Mycroft Holmes (The Bruce-Partington Plans)
Up until the mysterious disappearance of the three of the ten most important pages comprising the Bruce-Partington Plans for a revolutionary new submarine design are stolen, Sherlock has assumed his brother’s Mycroft has a fairly limited civil service position within the British government. His investigation into the whereabouts of the missing pages gradually reveal a shocking truth: not only is Mycroft’s position within Her Majesty’s government not of far greater importance than he ever imagined, there have been times when it is safe to say that Mycroft is the single most important individual in the entire bureaucracy.
Giuseppe Gorgiano (The Red Circle)
Gorgiano is one of the more infamous international criminals whose paths cross with Sherlock, though once again it is not his own powers of deduction that bring the man to justice, but rather than the vengeance of a wronged party. Gorgiano is—notably—not Sicilian, but Neapolitan and belongs not to the Sicilian Black Hand but the Red Circle. By any other name, an Italian mobster said to be responsible for as many of 50 murders is Mafia.
Don Murillo (Wisteria Lodge)
“Wisteria Lodge” actually comprises two parts of a single story. He is at first known only as Henderson, a wealthy immigrant. In the investigation into the murder of another immigrant, Henderson’s true identity as the “The Tiger of San Pedro” is exposed, revealing his notorious past as one of Central America’s most brutal and despotic dictators until his overthrown. He is yet another who manages to avoid being brought to justice by Holmes, managing to escape the clutches of British law by mere minutes. Watson reports, however, that six months later justice finally caught up to the Tiger at the hand of his enemies in Madrid.

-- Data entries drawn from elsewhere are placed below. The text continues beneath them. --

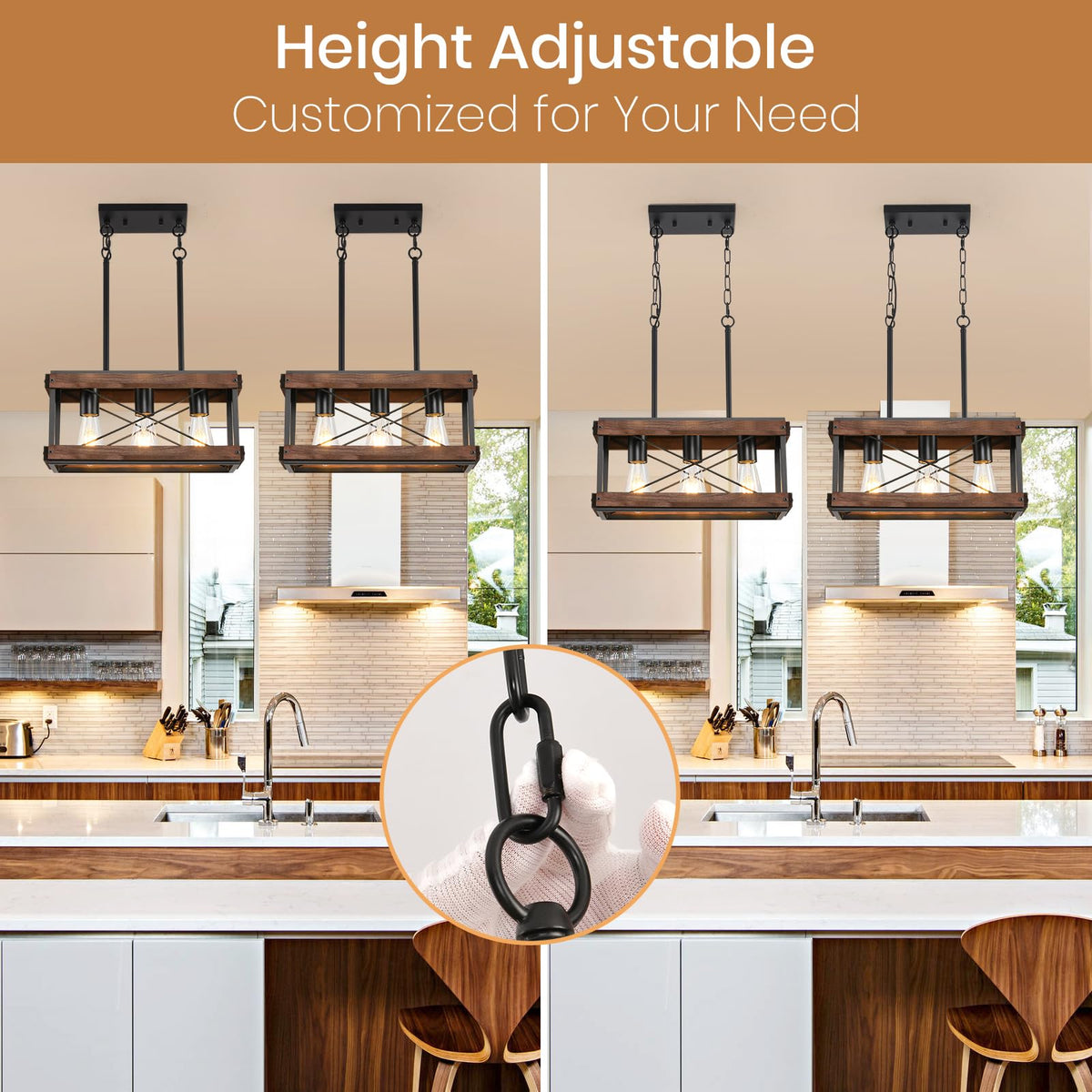 Genuine Wood Farmhouse Kitchen Island Light, 3-Light Rustic Pendant Chandelier with Adjustable Height, Metal Linear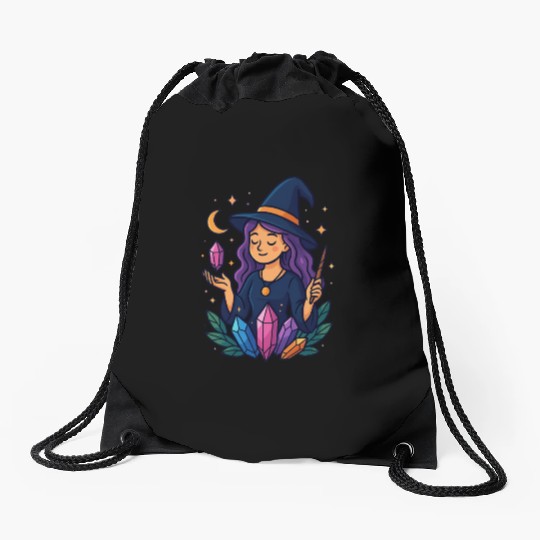 Mystical Crystal Witch Illustration Drawstring Bags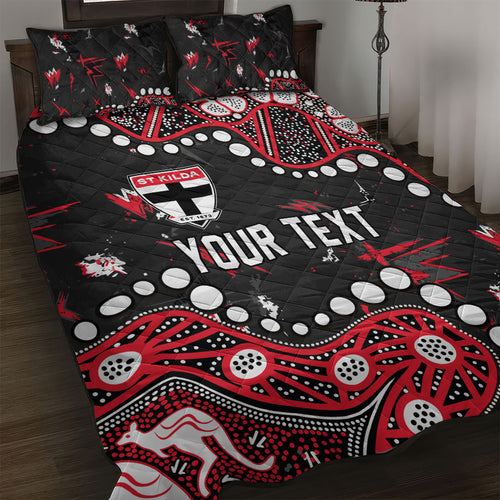 Personalized St Kilda Saints Quilt Bed Set Aboriginal Pattern with Graffiti Style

Dr. Leon Sterndale (The Devil’s Foot)
Dr. Sterndale joins a surprisingly large list of known or confessed criminals whom Sherlock Holmes passes judgment on as a jury of one and declares innocent by reason of justification. Sterndale confesses openly to having caused the horrifying death of Mortimer Tregennis, but when Holmes learns that Mortimer was forced to die in exactly the same terrifying as in which he himself killed, among others, the woman Sterndale loved, Holmes is moved. Would he have been equally moved had Sterndale not also been an esteemed African explorer and adventurer?